Exercise directions: Give back exactly the lines of the material below that start at the line containing "Orchid Lace Insert" and end at the line containing "Christmas Vacation Marty", and no others.

Given data:
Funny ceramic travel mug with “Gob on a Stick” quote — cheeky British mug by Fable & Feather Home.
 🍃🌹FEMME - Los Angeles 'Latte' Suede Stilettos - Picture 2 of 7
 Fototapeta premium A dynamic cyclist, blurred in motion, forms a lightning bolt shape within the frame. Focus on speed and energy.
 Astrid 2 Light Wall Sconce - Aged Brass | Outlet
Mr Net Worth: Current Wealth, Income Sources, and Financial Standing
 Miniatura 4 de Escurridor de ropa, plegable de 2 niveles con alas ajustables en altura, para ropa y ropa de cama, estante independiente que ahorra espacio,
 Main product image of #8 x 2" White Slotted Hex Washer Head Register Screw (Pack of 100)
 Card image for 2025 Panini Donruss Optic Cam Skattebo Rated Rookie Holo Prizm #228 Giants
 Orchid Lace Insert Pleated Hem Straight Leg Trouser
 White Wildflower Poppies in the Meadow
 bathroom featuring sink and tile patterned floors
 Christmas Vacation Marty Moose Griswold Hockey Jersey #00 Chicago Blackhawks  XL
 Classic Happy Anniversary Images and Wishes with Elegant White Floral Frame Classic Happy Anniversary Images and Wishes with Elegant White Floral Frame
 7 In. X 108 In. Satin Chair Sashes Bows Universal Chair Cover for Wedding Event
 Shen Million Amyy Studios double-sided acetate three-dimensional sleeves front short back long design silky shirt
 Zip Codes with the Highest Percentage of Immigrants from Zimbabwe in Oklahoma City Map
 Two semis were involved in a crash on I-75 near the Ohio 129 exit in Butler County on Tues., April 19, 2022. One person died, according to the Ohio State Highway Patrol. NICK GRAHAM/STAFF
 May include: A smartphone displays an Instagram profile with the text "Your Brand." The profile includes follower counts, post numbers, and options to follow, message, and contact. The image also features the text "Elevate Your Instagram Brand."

Exercise solution:
 Orchid Lace Insert Pleated Hem Straight Leg Trouser
 White Wildflower Poppies in the Meadow
 bathroom featuring sink and tile patterned floors
 Christmas Vacation Marty Moose Griswold Hockey Jersey #00 Chicago Blackhawks  XL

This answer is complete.